I have now made three loaves of bread with it, and am somewhat perplexed. The second loaf I made was a loaf of rosemary French bread -- I took the basic French bread recipe from the recipe book that came with the bread machine (3 cups flour, 2.5 tsp of yeast, 1.5 tsp each of salt, sugar, and shortening, and 1 5/8 cup warm water) and substituted olive oil for the shortening and added about a tablespoon of chopped rosemary. It worked just as advertised -- the bread rose up to the top of the canister in the bread machine, and baked into a nice cylindrical loaf. Quite tasty, too!
The third loaf was supposed to be exactly like the second. However, when I looked at the bread machine after the rising cycle had nearly finished, the glass dome was entirely filled with dough that had risen well outside of its bounds. I averted disaster by carefully removing it and dumping it onto a baking dish and putting it in the oven -- which worked out quite well, despite the dough being too foamy to shape properly into a loaf, and my not really having any idea how long to cook it and also starting out with a cold oven. The bread turned out perfectly cooked, though I learned that I should have greased and/or floured the pan.

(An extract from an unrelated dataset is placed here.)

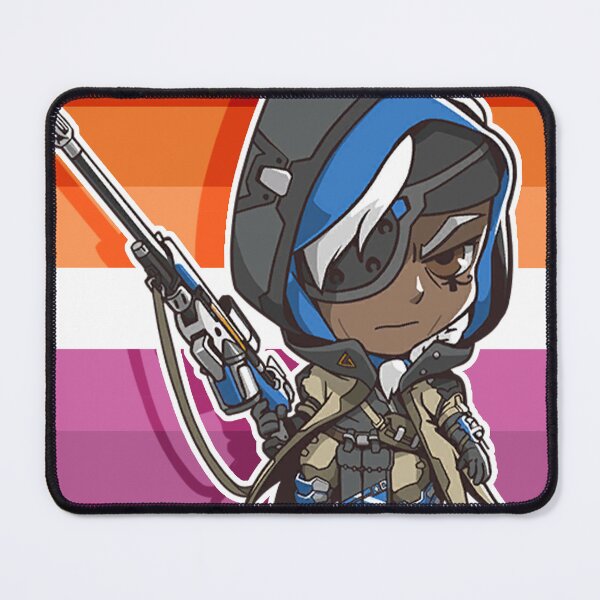 Item preview, lesbian pride ana ow designed and sold by Jemjae1112.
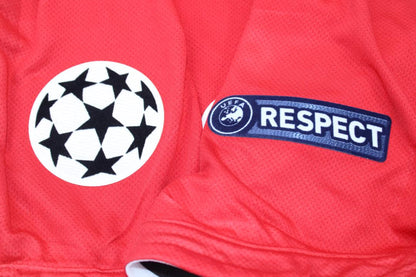 Manchester United 2011/12 Home Shirt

So, the perplexing thing: This was exactly the same recipe, both times. Not only that, but yeast from the same jar, and flour from the same bag.
The differences: The bag of flour had been open an extra couple of days the second time. The first loaf was cooked at
Does anyone have any suggestions as to what might have caused this? I could just use the "in case the dough rises too much" suggested variation of less yeast and water, but then maybe it will be like the first loaf, and so not rise enough.
Also, any good recipes for bread-machine bread, beyond the basics in its cookbook? I'd particularly like to find a good whole-wheat bread that's not just white bread with a little whole wheat for flavor like the supplied recipe.